Despite the possibly far-reaching implications of this aspect for NILM, relatively little is understood about the actual performance gap between real and denoised testing. In Makonin and Popowich (2015), the hypothesis of denoised testing resulting in better performance was expressed first. Further, the authors introduce a measure to assess the noise level of aggregate signals. This measure has found application in a limited number of studies, in which the noise level was reported alongside the performance of load disaggregation algorithms on real-world aggregates (Makonin et al. 2015; Zhao et al. 2018). However, no comparison to the denoised testing case has been conducted. In Klemenjak et al. (2020), the noise levels of several NILM datasets were determined. The authors report basic parameters of several NILM datasets and find that noise levels in real aggregate signals vary significantly among observed datasets.

Few attempts have been made to evaluate NILM algorithms on both, real and denoised aggregates, such as presented for the AFAMAP approach in Bonfigli et al. (2017). In subsequent work (Bonfigli et al. 2018), an improved version of denoising autoencoders for NILM has been proposed by means of comparison studies to the state of the art at that time. Although the authors have not investigated the performance gap between real and denoised, a tendency can be derived for this particular case in both contributions, confirming the motivation for the studies presented in this paper.

Assessing signal noise levels

NILM has been approached in various ways that can be categorized into event detection and energy estimation approaches (Pereira and Nunes 2018). In the following, we focus on the energy estimation viewpoint as the precursor of the event detection stage in the disaggregation process. We define NILM as the problem of generating estimates \(\left [\hat {x}_{t}^{(1)}, \dots,\hat {x}_{t}^{(M)}\right ]\) of the actual power consumption \(\left [x_{t}^{(1)}, \dots,x_{t}^{(M)}\right ]\) of M electrical appliances at time t given only the aggregated power consumption yt, where the aggregate power signal yt consists of

$$ y_{t} = \sum_{i=1}^{M}{x_{t}^{(i)}}+ \eta_{t} $$

that is M appliance-level signals \(x_{t}^{(i)}\) and a residual term ηt. The residual term comprises (measurement) noise, unmetered electrical load, and unexpected or unaccounted anomalies (Makonin and Popowich 2015). To quantify the share of the residual term in an aggregate signal, the noise-aggregate ratio NAR, defined as:

$$ \text{NAR} = \frac{\sum_{t=1}^{T}{\eta_{t}}}{\sum_{t=1}^{T}{y_{t}}} = \frac{\sum_{t=1}^{T}{|y_{t}-\sum_{i=1}^{M}{x_{t}^{(i)}}| }}{\sum_{t=1}^{T}{y_{t}}} $$

was introduced in Makonin and Popowich (2015). This ratio can be computed for any type of power signal, provided that readings of the aggregate and individual appliances are available. A NAR of 0.15 indicates that 15% of the observed power signal can be attributed to the residual term. Hence, the ratio indicates to what degree information on the aggregate’s components is available.
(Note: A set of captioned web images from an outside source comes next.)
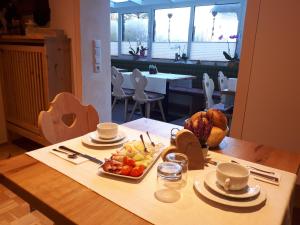 a table with a tray of fruit on top of it at Gästehaus Pöppl in Unterwössen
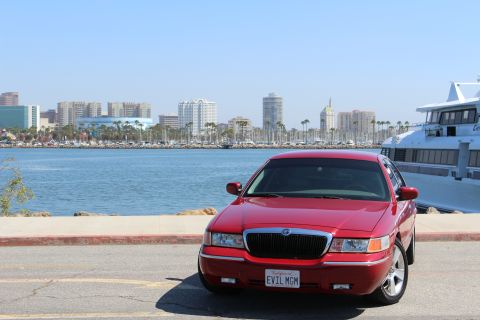 2002 Mercury Grand Marquis - A red 2002 Mercury Grand Marquis is parked near a harbor with a city skyline and a large yacht.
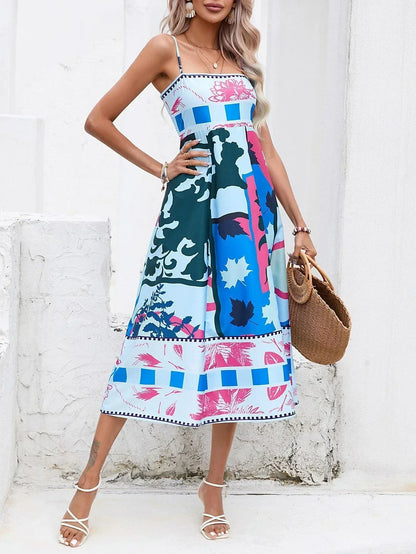 Blue - A woman wearing a white midi dress with a colorful tropical and geometric patchwork print, featuring a square neckline and thin straps, paired with a woven straw tote bag and neutral block heel sandals against a white wooden wall.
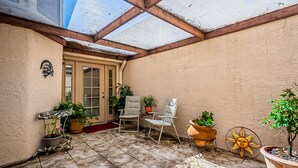 A sunlit patio with a wooden ceiling, two chairs, potted plants, and a door with shutters. - Cozy Condo! New low rates for Spring/Summer 2026! Pet Friendly! (Tucson)
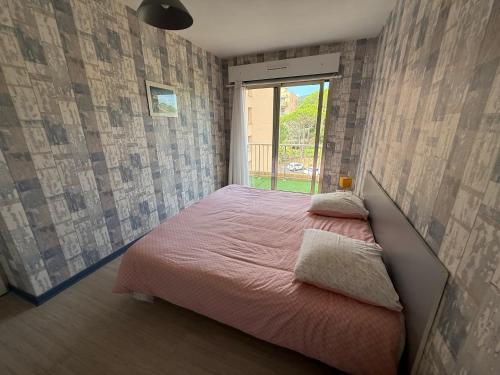 En eller flere senge i et værelse på Chambre avec balcon vue mer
To get an impression of NAR levels to be expected in real-world settings, we compute this ratio for household measurements contained in the energy datasets AMPds2 (Makonin et al. 2016), COMBED (Batra et al. 2014a), ECO (Beckel et al. 2014), iAWE (Batra et al. 2013), REFIT (Murray et al. 2017), and UK-DALE (Kelly and Knottenbelt 2015a). As intended by the authors of (Makonin and Popowich 2015), we consider all submeter signals recorded during the measurement campaign to compute the NAR. These datasets were selected because of their compatibility to NILMTK, a toolkit that enables reproducible NILM experiments (Batra et al. 2014b; Batra et al. 2019). We excluded from consideration the dataset BLUED (Anderson et al. 2012) due to the lack of sub-metered power data, Tracebase (Reinhardt et al. 2012) and GREEND (Monacchi et al. 2014) due to the lack of household aggregate power data. We summarize the derived values in Table 1 in conjunction with further stats on the measurement campaign such as duration or number of submeters.
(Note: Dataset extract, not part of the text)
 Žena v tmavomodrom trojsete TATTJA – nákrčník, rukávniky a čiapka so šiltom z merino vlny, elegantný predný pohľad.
Table 1 Noise levels in NILM datasets

Generally speaking, measurement campaigns strive to record the energy consumption and other parameters of interest in households or industrial facilities over a certain time period. Though sharing this common aim, considerable differences can be observed in the way past campaigns have been conducted. As Table 1 shows, durations range from a couple of days to several years of data, which impacts the amount of appliance activations and events found in the final dataset. Further, we identify considerable variations with regard to AC power types as well as the number of submeters installed during campaigns. It should be pointed out that there seems to be a lack of consistency in the sense that not only measurement setups differ between two datasets but also within some of the campaigns considered by our comparison (e.g., UK-DALE).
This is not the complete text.